◆ ACTIVITY: If a line of the records holds the word "Schwarz", copy it out.

◆ DATA FOR THE TASK:
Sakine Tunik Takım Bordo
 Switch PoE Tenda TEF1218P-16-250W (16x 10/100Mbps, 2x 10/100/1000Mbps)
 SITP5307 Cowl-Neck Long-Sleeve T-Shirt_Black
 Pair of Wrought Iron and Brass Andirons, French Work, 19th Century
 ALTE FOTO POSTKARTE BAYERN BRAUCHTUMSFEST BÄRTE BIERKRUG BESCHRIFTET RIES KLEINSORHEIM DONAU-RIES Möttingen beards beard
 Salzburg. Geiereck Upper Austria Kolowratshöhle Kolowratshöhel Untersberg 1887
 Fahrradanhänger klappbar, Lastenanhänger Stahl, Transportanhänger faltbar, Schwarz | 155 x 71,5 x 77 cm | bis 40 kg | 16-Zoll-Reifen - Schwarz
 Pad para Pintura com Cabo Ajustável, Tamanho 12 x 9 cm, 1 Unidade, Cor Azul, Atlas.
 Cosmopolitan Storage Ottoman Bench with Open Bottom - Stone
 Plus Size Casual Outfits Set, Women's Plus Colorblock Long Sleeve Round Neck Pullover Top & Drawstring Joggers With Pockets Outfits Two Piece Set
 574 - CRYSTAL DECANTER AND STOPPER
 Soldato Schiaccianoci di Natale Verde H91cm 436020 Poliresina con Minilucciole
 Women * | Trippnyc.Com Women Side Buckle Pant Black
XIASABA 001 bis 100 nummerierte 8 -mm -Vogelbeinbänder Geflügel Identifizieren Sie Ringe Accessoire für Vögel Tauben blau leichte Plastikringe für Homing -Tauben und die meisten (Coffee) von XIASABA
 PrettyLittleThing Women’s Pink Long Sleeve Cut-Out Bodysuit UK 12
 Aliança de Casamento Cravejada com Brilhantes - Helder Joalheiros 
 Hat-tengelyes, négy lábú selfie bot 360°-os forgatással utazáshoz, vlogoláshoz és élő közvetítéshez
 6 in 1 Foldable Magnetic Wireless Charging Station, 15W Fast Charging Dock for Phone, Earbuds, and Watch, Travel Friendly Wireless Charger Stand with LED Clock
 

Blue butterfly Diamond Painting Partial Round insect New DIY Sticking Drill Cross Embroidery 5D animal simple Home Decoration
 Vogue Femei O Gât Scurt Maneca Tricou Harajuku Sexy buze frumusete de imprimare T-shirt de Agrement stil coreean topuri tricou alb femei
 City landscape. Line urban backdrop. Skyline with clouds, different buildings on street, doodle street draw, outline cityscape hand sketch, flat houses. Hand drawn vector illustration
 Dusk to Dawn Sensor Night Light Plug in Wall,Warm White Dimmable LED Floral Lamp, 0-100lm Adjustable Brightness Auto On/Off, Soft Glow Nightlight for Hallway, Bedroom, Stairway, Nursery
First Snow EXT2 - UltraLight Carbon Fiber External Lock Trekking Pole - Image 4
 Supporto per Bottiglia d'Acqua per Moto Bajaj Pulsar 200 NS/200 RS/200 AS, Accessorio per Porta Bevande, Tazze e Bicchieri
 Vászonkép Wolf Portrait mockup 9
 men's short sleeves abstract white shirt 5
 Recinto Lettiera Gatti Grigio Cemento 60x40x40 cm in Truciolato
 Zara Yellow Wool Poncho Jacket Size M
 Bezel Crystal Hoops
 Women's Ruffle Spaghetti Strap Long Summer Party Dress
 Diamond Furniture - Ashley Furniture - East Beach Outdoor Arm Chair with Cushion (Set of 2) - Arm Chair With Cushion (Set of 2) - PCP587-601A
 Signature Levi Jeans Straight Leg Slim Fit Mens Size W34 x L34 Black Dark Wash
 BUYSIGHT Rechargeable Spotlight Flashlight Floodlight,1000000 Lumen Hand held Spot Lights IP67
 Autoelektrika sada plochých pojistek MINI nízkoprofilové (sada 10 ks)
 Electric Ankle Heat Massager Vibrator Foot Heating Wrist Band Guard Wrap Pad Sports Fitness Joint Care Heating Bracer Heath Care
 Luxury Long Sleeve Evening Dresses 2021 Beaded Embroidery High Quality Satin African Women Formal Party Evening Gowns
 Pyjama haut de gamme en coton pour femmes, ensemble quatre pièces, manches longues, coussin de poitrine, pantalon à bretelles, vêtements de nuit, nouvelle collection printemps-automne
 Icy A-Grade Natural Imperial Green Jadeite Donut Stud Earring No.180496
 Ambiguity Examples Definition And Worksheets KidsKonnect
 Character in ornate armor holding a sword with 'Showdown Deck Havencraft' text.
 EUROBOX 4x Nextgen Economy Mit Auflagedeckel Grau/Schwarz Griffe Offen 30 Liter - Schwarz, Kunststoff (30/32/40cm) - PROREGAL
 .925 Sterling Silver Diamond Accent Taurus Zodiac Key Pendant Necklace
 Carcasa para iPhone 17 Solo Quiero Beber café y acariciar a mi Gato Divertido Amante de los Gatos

◆ COMPLETED TASK:
 Fahrradanhänger klappbar, Lastenanhänger Stahl, Transportanhänger faltbar, Schwarz | 155 x 71,5 x 77 cm | bis 40 kg | 16-Zoll-Reifen - Schwarz
 EUROBOX 4x Nextgen Economy Mit Auflagedeckel Grau/Schwarz Griffe Offen 30 Liter - Schwarz, Kunststoff (30/32/40cm) - PROREGAL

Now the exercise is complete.